Work item: Once the line with "가족돌봄휴가제도 안내" is found in the entries below, print it and each following line exactly, stopping after the line with "以太坊硬盘钱包制作教程：创建安全的数字资产存储方案"; print nothing else.

++++ Data to examine

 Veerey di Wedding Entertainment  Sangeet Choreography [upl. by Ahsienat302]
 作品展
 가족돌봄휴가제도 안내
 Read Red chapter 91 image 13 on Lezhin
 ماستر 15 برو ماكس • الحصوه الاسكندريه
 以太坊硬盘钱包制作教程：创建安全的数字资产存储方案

++++++++
++++ Data to examine

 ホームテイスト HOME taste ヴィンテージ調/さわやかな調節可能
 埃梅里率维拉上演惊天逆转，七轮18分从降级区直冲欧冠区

++++++++

Answer to this exercise:
 가족돌봄휴가제도 안내
 Read Red chapter 91 image 13 on Lezhin
 ماستر 15 برو ماكس • الحصوه الاسكندريه
 以太坊硬盘钱包制作教程：创建安全的数字资产存储方案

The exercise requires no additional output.